Clarity on cashflow for Irish retail chain

Business Issue:

A retail chain in Ireland was losing money and had run into cashflow problems. Their suppliers were no longer prepared to supply goods on credit and all purchases had to be paid for in cash before delivery. The company’s staff retention had also become a major problem.Case Study


The retail firm owned and operated six outlets across Ireland with 40 staff between the trading locations and head office. The group had grown quickly from one store by opening new sites and purchasing existing businesses. This expansion was funded mainly by bank borrowing. Management was remote and did not take an active role in the day to day operations of the stores, and seldom visiting the locations. The sector in which the company was operating is extremely competitive and was experiencing significant reductions in margins in recent years. These factors resulted in the company going into a loss making position which in turn caused chronic cashflow difficulties.

The company had fallen into arrears with bankers and suppliers. Purchases were only available on a cash in advance basis and the company was getting no discount on its purchases, which further reduced margins and put them at a competitive disadvantage. Individual shops were running out of key inventory items causing customers to move their business elsewhere. Turnover was falling. Staffs were leaving and it was proving difficult to find reliable replacements.


To restore the businesses to normal levels of profitability and prepare them for sale. Funding was available in the short term for this purpose, subject to change in management. We also needed to re-engage with the company’s suppliers and rebuild their trust. The proposed plan needed to be agreed by the company’s main funders, as time was required for the changes to be implemented and take effect. A major challenge was to then win back trust from the local customers.


I carried out an assessment on each business to determine if it could be returned to profitability. This review considered current revenues and possible growth along with its cost base. Where it was concluded that profitability could not be restored within a reasonable time frame and that business would close. The company’s stock inventory was reviewed and allowed for seasonal & slow moving items to be disposed of in a “fire sale” event in order to reduce stock inventory and generate cash. An EPOS (Electronic Point of Sale) system was installed to provide better control over the stock inventory and monitor the performance of each stock item.

I examined supplier options, negotiated deals for bulk stock and restored credit terms. For non–core items, centralised purchasing was eliminated and local management now had a significant input into the items being stocked & shelved. The logic was that local management knew what would sell best in their outlet. Stock inventory was managed rigorously through weekly reviews and set actions. Slow moving items were de-listed and the remaining stock would either be sold off or transferred to another branch where it would more likely sell.

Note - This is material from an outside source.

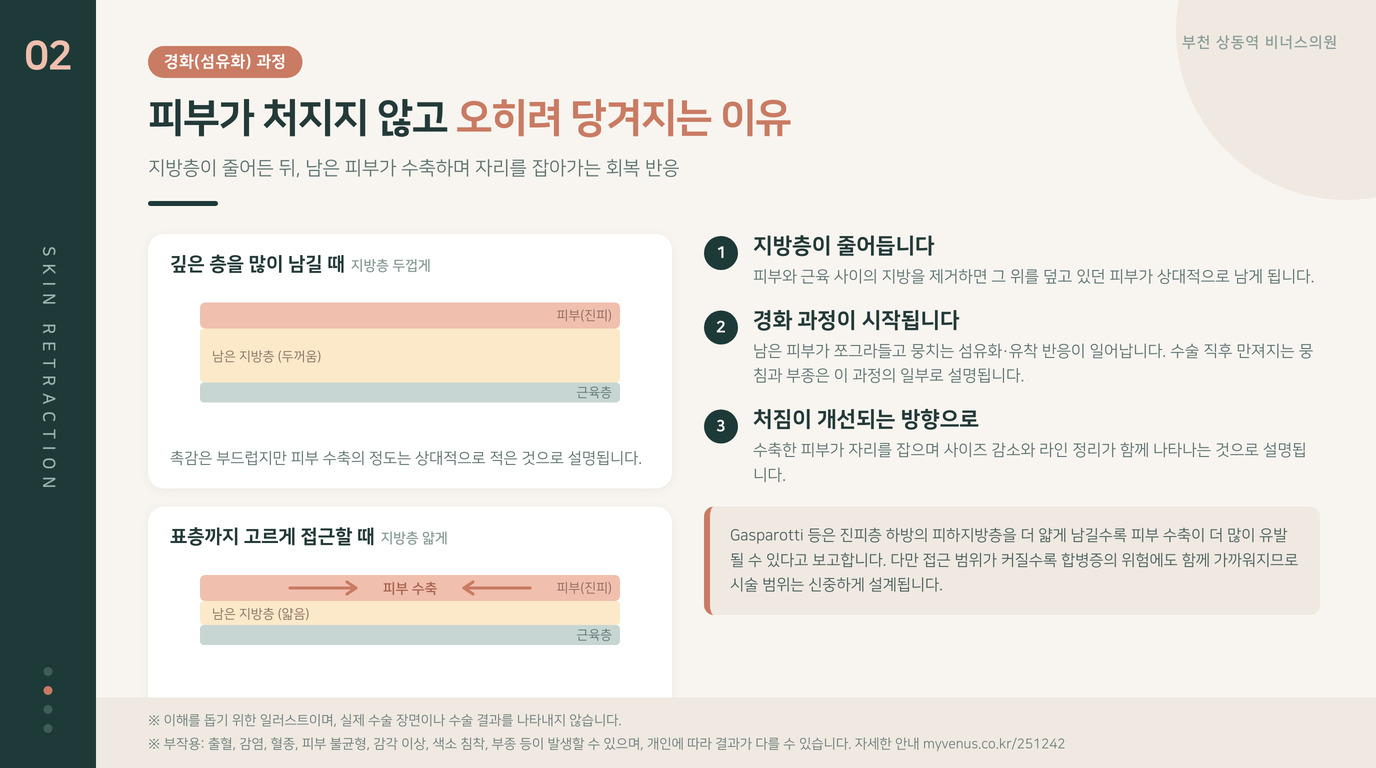 표층 지방흡입 후 피부가 수축되는 경화 과정 원리 일러스트 비너스의원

Reviewed staffing levels at each location to ensure appropriate cover and qualifications/experience. We also engaged in frequent unannounced visits to ensure operations were as desired.

Local advertising campaigns were initiated advising customers of change in management. The stores ran specific events, at least once a month, with special & seasonal offers & discounts.

I compiled daily and weekly turnover reports along with monthly management accounts. Store managers were given a list of KPI’s to manage and report on. Incentives were put in place to drive these KPI’s.

Turnover was brought back to pre-crisis levels of €6m and each of the stores was returned to profitability. Gross margins were improved from 30% to an average of 42% with industry levels now been generated. The businesses were subsequently sold individually as multiples of between 4 and 5. As a result, the staff members successfully kept their jobs throughout the retail businesses.